Tuesday, April 15, 2008
Diplomacy and Dresses
From Shirley Jump: Shirley Hailstock is a great friend and a great author. Read on for a hilarious account of bridal dress story...and another great release from Shirley H.!
We all have other lives. In one of mine, I wanted to own a bridal shop. I had so much fun planning my own wedding, I thought it would be great to have that feeling all the time. I mentioned this to the owner of the shop where I bought my gown. As luck would have it, she was in the market to sell. To find out if I really wanted to do this, she offered me a part time job.
And I got an education!
I could tell you stories about mothers of the groom who don’t like the bride, mothers of the bride who don’t like the groom, of tears in the eyes of mothers and grandmothers when they saw their daughters or granddaughters dressed in those gorgeous white gowns, even of boyfriends who couldn’t keep their hands to themselves when they saw their girlfriends in the prom gowns.

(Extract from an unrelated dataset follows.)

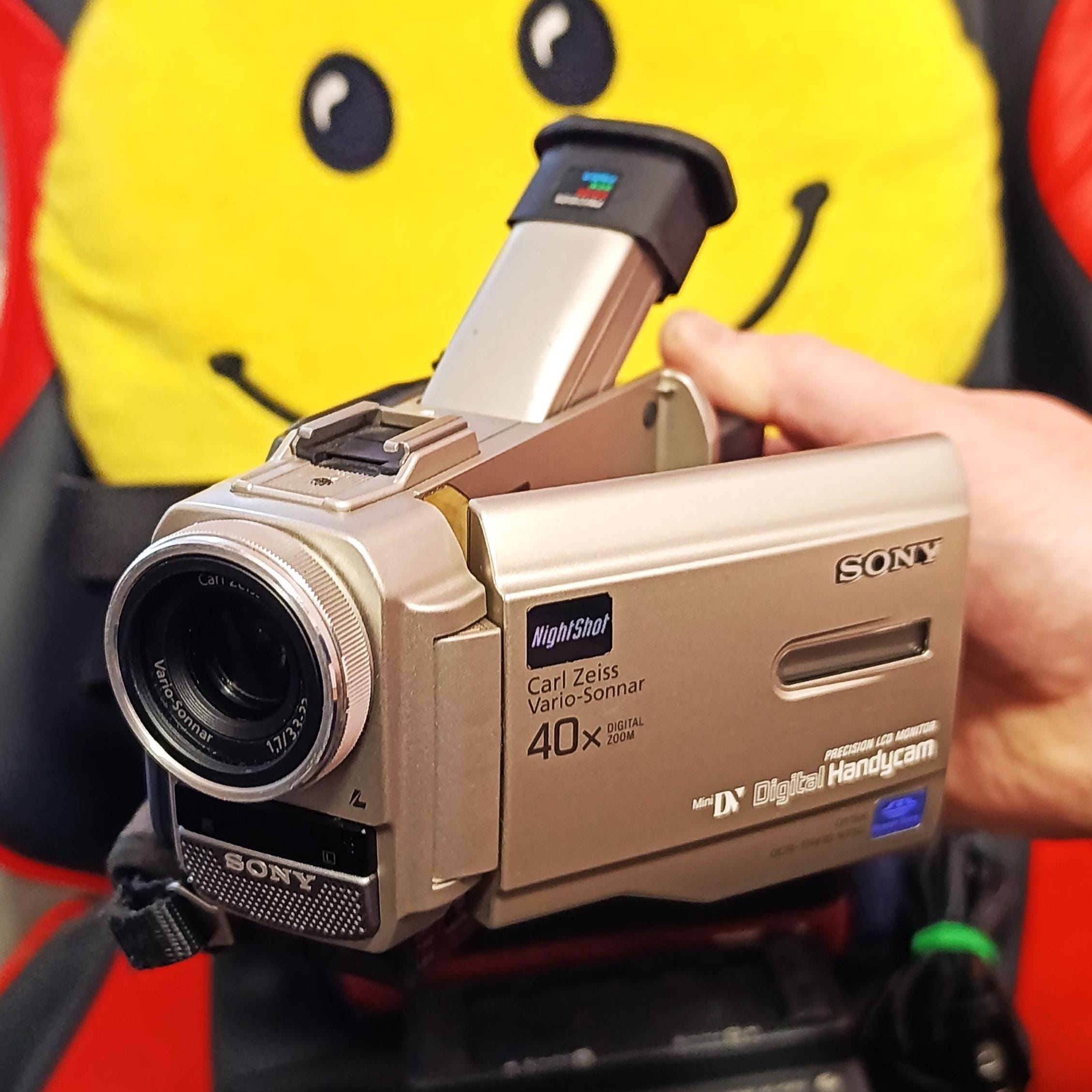 ビデオカメラ SONY Handycam DCR-TRV10 NTSC Sony DCR-TRV10 Handycam MiniDV Camcorder Silver [for PARTS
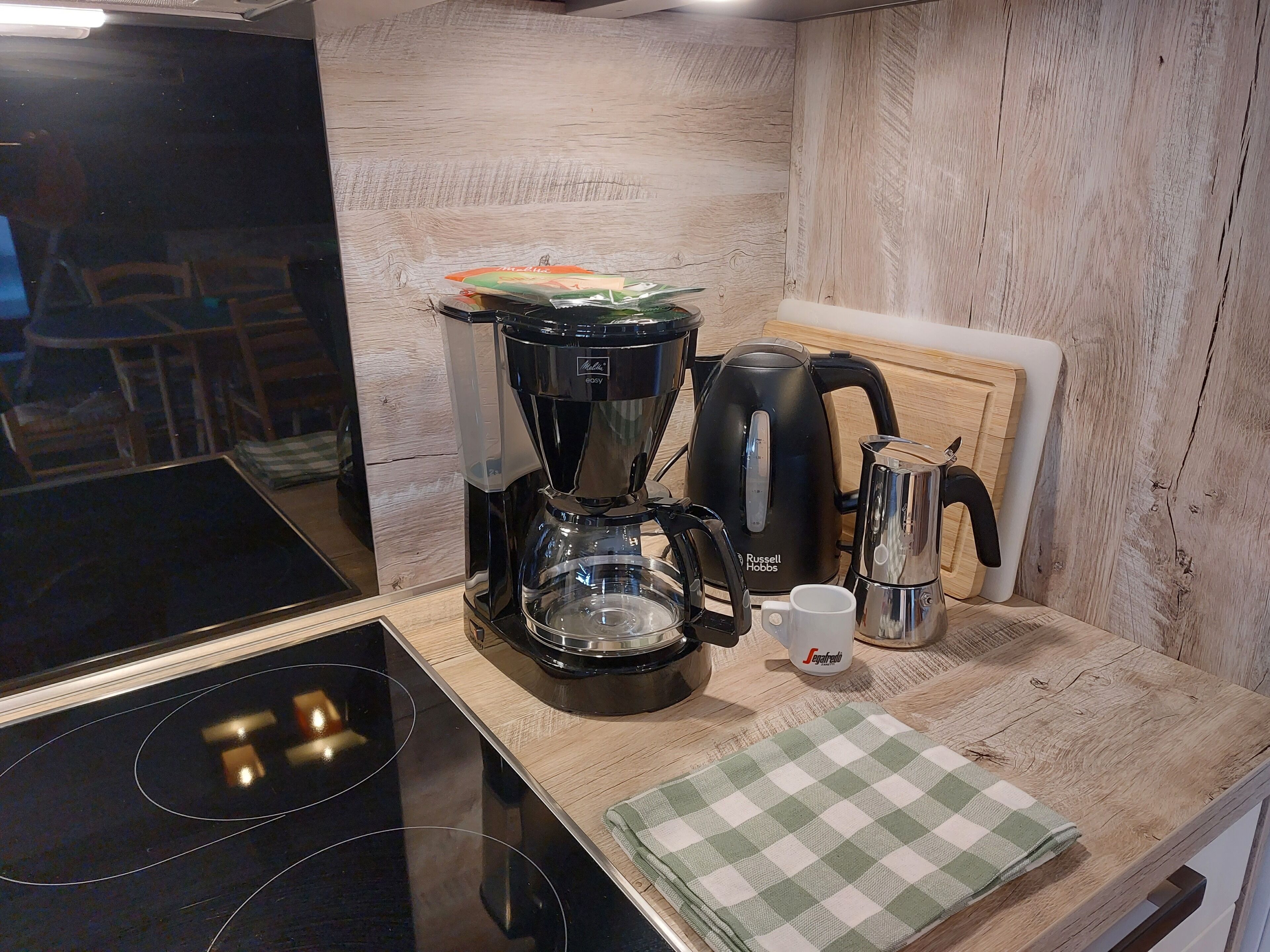 Kühlschrank, Mikrowelle, Ofen, Herdplatte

But those will have to wait for another time.
I want to tell you the story of the wedding I wanted to attend so badly I could almost taste the wedding cake. It started with a fashion show. I’m 5'5" tall. This doesn’t mean I’m a very tall person. It’s an average height, but the most significant thing about my height is that I rarely, very rarely need to hem anything. I can pull anything off the rack and if it fits in the right places, the length is never an issue. Because of this, the owner of the wedding shop asked me to be a model in a fashion show she was doing. Fashion shows bring in business and she was also showing me the ropes of how to attract clientele.
I came into the shop one evening to try on the gowns I was to model. Hanging against the wall was one of the ugliest dresses I’d ever seen. It had those horizontal tucks like you see draped on funeral home curtains. The skirt billowed out as if it had been taken straight out of Scarlett O’Hara’s closet. And I was to wear it.
“I don’t like it,” I said.
“Try it on,” the owner tells me. “It looks completely different on a person.” You can tell she was a salesperson. And diplomatic. This would come in handy later in the story.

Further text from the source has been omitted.